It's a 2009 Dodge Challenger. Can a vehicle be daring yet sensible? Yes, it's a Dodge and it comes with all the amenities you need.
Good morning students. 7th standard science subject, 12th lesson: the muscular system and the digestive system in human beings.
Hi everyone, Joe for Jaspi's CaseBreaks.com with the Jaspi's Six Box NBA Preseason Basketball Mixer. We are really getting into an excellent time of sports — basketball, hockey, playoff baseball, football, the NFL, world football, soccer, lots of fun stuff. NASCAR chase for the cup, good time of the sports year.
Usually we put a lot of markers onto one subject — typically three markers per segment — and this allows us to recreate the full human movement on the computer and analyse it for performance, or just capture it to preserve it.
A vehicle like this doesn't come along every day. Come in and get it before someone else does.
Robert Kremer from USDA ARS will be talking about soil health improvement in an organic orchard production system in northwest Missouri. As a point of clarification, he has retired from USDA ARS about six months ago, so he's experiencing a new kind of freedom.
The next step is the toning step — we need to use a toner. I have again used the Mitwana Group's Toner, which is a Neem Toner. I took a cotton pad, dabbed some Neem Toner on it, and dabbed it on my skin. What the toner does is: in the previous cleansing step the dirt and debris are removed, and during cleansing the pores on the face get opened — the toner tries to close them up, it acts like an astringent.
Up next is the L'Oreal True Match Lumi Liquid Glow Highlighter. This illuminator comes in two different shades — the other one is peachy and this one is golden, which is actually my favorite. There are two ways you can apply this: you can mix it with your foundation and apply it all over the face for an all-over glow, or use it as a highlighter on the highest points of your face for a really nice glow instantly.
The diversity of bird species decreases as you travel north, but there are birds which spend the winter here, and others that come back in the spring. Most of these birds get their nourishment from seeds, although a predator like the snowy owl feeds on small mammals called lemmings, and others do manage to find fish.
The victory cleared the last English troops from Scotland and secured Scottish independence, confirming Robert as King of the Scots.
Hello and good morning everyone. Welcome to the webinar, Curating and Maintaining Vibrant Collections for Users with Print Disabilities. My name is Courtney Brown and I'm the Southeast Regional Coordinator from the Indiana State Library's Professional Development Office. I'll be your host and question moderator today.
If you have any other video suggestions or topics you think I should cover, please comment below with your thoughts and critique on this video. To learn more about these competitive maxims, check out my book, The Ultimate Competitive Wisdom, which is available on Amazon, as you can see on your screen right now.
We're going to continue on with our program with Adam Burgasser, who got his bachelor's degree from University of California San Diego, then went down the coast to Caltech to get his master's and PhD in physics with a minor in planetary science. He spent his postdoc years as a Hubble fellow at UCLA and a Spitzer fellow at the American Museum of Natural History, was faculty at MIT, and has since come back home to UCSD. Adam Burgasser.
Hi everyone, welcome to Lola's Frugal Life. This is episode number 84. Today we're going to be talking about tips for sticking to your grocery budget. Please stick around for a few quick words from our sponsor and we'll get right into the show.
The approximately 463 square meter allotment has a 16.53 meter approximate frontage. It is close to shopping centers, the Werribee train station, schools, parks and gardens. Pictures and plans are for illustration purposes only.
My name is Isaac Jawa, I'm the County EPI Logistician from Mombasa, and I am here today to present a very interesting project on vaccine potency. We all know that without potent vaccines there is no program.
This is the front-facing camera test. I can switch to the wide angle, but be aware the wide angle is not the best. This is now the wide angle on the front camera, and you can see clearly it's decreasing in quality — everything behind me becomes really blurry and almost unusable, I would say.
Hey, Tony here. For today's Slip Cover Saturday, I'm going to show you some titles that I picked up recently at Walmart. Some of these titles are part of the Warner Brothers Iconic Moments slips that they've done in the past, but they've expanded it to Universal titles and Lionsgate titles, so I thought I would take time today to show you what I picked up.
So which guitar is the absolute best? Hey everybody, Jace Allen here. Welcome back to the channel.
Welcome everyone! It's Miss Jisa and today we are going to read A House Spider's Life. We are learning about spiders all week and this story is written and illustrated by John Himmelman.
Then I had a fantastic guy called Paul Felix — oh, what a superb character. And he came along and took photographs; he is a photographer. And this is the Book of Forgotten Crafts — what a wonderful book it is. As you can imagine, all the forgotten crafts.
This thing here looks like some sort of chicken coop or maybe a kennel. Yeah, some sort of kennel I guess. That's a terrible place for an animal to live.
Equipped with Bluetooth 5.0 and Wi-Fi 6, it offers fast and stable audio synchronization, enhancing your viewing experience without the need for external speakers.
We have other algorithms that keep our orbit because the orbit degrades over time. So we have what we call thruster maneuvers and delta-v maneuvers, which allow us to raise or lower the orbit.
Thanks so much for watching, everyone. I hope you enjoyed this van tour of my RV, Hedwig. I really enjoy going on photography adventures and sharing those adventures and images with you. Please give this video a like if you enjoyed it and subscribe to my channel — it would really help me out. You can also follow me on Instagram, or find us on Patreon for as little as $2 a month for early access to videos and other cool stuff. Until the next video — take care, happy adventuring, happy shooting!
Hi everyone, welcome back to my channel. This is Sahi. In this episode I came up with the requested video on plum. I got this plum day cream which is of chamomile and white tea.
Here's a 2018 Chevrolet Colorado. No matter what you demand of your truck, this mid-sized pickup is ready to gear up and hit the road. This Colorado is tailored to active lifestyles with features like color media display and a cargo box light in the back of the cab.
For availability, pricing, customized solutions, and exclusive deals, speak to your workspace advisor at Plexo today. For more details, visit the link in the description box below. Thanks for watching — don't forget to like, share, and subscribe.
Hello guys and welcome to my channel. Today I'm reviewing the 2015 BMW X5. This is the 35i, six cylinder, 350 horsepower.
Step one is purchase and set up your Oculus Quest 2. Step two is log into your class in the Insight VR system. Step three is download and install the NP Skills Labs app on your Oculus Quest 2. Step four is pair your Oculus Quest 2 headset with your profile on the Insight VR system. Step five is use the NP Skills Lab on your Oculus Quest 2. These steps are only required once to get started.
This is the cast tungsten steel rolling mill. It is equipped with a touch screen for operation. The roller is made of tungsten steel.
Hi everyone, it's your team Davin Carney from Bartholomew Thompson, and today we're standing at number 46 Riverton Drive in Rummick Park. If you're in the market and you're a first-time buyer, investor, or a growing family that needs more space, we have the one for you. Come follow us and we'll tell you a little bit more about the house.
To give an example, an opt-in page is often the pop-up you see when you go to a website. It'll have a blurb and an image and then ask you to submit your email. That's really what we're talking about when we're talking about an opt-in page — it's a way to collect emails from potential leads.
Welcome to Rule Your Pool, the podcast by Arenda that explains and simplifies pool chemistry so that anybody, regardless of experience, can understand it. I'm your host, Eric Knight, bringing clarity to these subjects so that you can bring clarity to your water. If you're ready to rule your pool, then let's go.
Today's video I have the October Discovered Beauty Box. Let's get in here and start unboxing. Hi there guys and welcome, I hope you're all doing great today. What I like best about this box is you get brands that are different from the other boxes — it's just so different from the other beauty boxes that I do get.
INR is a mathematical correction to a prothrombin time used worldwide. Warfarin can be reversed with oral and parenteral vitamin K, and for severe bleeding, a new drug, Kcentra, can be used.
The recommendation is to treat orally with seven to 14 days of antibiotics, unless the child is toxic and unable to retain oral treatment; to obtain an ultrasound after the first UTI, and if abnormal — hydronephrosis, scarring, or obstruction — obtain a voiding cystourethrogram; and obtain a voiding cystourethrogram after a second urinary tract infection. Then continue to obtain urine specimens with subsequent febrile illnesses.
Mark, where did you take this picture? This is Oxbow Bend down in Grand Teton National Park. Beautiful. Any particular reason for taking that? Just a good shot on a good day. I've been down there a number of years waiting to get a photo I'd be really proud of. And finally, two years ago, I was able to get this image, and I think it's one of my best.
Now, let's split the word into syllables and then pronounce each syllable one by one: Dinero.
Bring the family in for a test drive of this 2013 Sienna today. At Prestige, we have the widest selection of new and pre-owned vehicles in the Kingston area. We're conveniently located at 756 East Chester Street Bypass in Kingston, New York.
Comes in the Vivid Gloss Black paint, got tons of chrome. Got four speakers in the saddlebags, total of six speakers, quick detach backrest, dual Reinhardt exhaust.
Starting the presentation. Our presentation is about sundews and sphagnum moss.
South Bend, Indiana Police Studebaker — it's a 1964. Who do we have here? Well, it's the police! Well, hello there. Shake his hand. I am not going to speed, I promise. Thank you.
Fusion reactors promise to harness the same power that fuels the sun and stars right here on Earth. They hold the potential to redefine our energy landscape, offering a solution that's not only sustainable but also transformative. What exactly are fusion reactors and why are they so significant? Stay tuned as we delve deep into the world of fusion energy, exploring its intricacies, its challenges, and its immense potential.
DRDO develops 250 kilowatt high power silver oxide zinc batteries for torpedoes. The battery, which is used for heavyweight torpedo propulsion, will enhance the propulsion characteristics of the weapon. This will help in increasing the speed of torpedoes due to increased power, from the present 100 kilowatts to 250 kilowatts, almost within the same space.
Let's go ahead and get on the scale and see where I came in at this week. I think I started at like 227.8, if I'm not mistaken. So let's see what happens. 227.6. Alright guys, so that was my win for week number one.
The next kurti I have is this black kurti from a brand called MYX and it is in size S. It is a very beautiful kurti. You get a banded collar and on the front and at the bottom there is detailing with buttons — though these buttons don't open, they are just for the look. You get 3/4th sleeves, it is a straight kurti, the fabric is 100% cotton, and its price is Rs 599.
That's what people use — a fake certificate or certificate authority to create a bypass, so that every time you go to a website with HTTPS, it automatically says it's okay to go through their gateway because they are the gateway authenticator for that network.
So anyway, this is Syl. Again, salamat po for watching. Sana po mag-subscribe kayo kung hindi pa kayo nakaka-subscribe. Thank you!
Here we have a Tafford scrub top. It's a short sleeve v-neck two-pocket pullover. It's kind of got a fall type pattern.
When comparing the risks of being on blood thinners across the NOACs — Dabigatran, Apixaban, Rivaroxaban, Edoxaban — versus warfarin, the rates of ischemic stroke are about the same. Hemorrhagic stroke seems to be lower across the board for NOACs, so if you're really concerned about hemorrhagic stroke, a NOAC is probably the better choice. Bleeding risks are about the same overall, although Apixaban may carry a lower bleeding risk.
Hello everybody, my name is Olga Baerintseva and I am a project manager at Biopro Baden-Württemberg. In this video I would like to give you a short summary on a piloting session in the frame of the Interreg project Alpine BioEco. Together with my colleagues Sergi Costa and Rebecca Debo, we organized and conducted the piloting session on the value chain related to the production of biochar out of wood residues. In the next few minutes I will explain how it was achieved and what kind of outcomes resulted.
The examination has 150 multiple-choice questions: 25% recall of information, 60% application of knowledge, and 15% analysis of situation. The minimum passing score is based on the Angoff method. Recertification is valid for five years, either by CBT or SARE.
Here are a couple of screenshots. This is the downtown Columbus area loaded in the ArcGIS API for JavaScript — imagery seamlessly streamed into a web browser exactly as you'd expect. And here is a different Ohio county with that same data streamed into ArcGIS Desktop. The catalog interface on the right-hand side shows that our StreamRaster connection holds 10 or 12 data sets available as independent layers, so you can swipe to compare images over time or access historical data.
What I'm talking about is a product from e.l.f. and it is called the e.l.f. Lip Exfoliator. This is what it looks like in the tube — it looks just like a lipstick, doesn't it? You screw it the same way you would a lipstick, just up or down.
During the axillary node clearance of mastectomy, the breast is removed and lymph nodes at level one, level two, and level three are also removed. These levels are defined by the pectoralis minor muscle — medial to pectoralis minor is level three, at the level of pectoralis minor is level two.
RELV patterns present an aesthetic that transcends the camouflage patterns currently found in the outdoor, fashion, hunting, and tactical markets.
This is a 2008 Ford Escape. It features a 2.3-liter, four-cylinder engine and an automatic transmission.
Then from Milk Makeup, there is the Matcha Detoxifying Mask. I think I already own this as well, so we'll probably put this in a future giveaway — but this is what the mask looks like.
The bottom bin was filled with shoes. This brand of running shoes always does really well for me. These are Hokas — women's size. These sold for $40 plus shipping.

#####

== Task description ==
I'd like an exact copy of the lines above, from the very first one through the line that contains "Good morning students.", with nothing else added.

== Solution for this task ==
It's a 2009 Dodge Challenger. Can a vehicle be daring yet sensible? Yes, it's a Dodge and it comes with all the amenities you need.
Good morning students. 7th standard science subject, 12th lesson: the muscular system and the digestive system in human beings.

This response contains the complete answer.